Eine weitere Tragödie: Abschied von Portia

Inmitten dieses emotionalen Chaos erreicht die Beteiligten eine weitere Hiobsbotschaft, die das Herz bricht. Mit tiefer Trauer wurde bestätigt, dass Portia – eine wichtige Konstante im Leben der Beteiligten – verstorben ist oder sich in einem kritischen Zustand befindet. Da sich Matthias R. während der Haft von Gina H. intensiv um deren Pferde gekümmert hatte, trifft dieser Verlust die ohnehin zerrüttete Welt der Beteiligten schwer.
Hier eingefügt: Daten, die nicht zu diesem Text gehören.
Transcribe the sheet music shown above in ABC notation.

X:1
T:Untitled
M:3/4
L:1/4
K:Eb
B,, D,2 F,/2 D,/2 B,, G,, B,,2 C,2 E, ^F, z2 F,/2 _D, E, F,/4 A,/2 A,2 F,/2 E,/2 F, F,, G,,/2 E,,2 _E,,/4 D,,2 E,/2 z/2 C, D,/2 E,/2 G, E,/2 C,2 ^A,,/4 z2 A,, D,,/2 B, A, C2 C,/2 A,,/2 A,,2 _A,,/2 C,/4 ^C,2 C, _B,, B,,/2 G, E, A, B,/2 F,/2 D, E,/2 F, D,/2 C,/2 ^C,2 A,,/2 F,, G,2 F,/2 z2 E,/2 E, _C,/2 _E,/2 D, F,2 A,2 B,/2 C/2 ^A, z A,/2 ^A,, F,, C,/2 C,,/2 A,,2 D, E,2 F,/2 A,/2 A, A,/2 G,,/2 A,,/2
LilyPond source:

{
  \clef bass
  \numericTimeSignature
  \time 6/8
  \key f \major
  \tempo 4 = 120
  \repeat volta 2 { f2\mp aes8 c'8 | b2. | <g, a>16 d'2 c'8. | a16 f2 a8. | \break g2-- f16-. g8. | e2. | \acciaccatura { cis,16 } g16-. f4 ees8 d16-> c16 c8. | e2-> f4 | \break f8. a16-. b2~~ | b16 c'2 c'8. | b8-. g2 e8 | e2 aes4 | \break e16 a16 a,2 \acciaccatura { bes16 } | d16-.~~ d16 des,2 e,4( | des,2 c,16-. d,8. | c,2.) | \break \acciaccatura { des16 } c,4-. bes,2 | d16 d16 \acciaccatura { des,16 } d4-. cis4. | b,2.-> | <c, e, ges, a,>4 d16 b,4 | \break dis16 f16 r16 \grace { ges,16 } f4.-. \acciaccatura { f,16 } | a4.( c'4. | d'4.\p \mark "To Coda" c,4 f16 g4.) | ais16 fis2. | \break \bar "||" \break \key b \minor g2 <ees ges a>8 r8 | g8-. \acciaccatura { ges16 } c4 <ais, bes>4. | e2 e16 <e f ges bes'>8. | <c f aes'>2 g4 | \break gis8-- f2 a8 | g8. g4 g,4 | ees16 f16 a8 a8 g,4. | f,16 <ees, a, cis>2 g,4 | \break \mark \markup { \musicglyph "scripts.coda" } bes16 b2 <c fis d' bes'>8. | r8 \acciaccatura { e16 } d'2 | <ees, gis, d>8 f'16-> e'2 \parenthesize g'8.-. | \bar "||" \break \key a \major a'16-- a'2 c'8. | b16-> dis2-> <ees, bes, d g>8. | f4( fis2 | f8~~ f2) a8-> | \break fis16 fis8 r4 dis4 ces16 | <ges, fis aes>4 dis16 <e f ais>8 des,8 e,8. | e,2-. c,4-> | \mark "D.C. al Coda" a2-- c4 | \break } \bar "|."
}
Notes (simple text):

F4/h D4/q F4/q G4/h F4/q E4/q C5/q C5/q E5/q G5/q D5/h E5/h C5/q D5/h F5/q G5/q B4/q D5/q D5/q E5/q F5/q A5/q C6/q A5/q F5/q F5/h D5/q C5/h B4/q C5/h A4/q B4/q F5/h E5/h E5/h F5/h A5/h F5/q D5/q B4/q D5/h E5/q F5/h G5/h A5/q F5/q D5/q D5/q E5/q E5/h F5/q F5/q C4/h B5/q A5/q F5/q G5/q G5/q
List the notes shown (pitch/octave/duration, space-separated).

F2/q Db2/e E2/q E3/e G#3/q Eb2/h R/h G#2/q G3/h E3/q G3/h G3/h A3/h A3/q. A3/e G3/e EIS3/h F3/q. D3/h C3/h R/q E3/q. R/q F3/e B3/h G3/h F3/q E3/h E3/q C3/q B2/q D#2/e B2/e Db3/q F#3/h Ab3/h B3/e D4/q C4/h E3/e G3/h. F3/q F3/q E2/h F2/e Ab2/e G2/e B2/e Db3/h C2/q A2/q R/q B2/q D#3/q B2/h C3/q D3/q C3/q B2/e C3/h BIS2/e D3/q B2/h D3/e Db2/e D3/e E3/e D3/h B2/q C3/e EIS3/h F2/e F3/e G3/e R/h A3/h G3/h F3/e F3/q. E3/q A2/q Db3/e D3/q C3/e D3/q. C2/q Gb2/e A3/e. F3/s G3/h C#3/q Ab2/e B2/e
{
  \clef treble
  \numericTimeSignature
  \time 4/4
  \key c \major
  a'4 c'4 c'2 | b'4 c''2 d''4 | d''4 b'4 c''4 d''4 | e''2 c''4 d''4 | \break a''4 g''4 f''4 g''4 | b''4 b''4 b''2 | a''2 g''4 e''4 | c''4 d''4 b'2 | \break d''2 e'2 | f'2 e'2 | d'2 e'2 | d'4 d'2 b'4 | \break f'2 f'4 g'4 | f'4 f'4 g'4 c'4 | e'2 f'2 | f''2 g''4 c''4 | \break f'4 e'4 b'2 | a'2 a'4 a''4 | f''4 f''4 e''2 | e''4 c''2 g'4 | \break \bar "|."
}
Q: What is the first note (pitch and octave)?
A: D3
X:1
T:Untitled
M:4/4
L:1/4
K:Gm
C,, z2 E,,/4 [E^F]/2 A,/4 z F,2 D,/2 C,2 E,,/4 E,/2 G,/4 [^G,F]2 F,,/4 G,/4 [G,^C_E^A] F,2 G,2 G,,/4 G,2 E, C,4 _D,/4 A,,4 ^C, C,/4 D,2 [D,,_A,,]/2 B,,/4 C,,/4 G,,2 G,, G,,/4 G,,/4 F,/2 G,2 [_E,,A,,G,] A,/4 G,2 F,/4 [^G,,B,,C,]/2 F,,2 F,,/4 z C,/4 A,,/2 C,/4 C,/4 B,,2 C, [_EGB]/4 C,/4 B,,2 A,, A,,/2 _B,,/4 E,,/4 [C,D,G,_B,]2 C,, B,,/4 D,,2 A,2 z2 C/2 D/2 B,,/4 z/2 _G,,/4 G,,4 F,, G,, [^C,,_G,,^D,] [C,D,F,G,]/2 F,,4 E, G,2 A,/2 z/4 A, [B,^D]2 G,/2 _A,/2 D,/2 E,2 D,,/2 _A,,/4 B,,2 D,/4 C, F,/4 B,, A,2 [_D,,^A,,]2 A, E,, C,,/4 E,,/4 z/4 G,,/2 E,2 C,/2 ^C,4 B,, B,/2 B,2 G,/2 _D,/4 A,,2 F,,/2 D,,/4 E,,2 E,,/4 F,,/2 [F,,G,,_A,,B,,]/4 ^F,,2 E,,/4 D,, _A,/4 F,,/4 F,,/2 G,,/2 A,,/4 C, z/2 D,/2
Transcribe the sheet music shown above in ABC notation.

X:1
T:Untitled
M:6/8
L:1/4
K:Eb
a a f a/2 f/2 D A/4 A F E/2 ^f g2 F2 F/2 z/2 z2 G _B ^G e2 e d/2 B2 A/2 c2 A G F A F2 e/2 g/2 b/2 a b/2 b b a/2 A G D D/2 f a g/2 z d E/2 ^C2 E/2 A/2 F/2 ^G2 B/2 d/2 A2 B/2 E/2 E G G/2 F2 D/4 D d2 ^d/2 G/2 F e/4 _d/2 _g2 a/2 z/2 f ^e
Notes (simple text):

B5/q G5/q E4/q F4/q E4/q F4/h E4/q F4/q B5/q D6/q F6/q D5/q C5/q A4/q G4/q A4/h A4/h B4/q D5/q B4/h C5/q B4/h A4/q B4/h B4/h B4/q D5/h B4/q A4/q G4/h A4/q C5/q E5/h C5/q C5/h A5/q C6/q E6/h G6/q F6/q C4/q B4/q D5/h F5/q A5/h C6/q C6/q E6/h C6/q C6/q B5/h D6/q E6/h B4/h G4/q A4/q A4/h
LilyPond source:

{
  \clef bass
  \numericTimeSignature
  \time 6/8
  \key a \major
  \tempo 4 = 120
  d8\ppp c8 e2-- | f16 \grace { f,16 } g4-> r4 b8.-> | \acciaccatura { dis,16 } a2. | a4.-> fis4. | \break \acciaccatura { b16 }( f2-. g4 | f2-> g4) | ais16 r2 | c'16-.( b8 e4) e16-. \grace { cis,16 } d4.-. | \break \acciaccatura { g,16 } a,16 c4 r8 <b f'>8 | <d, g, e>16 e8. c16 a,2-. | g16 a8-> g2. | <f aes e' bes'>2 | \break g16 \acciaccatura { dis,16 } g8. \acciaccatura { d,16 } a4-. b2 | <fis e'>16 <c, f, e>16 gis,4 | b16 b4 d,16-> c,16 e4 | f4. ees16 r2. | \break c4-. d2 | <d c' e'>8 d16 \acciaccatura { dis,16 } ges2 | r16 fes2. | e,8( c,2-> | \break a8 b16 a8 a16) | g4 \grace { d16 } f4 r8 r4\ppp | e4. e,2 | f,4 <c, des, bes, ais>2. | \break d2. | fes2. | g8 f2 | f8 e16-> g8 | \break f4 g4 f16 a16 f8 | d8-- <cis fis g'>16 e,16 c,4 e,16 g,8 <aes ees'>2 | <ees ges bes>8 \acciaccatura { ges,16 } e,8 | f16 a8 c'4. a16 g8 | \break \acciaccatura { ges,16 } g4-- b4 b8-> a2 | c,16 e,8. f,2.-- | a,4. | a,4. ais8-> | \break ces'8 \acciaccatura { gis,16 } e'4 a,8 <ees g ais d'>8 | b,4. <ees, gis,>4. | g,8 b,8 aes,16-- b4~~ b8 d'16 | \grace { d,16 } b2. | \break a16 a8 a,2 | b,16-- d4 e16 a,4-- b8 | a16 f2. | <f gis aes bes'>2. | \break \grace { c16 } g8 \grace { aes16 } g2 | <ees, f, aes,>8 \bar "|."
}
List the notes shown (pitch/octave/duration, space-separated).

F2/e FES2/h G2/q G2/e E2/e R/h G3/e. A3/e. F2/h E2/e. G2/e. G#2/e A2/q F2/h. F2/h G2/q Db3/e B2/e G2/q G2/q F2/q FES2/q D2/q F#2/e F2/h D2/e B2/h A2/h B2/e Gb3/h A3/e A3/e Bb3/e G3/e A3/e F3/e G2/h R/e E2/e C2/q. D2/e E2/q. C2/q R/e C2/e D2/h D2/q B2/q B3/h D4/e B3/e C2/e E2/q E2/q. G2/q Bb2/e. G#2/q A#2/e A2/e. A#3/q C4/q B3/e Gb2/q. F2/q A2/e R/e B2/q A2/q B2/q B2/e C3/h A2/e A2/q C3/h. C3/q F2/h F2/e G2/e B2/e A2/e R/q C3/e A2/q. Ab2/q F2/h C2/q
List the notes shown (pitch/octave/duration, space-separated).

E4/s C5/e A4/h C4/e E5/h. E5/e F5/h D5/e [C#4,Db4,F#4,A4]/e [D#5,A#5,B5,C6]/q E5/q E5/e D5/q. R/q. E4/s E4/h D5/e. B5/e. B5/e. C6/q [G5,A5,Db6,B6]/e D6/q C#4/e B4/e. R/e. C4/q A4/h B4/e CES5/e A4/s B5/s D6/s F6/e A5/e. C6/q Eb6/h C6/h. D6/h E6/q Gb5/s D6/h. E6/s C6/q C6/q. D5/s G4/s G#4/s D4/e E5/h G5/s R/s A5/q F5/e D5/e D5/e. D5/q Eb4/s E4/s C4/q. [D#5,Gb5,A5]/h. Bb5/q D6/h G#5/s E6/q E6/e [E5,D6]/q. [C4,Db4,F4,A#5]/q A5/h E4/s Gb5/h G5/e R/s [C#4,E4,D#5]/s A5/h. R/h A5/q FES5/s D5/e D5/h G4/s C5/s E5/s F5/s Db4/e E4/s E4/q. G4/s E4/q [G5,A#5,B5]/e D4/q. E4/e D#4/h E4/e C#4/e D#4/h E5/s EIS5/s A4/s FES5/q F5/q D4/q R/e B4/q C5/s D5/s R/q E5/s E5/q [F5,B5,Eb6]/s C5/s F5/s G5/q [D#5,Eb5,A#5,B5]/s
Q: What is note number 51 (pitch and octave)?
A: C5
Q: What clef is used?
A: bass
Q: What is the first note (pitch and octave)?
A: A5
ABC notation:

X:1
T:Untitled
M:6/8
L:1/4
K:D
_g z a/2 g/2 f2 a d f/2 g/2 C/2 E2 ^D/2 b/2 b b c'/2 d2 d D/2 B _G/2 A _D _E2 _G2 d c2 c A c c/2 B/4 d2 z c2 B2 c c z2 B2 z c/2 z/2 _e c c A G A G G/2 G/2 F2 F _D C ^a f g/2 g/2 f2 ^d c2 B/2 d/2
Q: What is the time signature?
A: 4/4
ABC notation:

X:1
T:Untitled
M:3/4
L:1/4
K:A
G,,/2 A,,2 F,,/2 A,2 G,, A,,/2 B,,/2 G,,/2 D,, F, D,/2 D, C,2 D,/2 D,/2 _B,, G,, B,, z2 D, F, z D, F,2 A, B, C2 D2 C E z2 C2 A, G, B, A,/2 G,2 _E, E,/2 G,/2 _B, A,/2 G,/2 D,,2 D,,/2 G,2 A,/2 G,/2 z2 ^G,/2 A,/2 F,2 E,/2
Es ist eine weitere dunkle Wolke über einem Fall, der ohnehin nur Verlierer kennt.

Der Prozess vor dem Landgericht Rostock wird ungeachtet der dramatischen Entwicklungen im Umfeld des Vaters fortgesetzt. Die Richter müssen nun bewerten, wie glaubwürdig die Aussagen von Matthias R. nach dem Auftauchen der Snapchat-Nachrichten noch sind. Für die Angeklagte Gina H. gilt bis zu einem rechtskräftigen Urteil weiterhin die Unschuldsvermutung. Die kommenden Wochen werden zeigen, ob das Gericht Licht in dieses dunkle Geflecht aus Liebe, Eifersucht, Verrat und tiefem Schmerz bringen kann.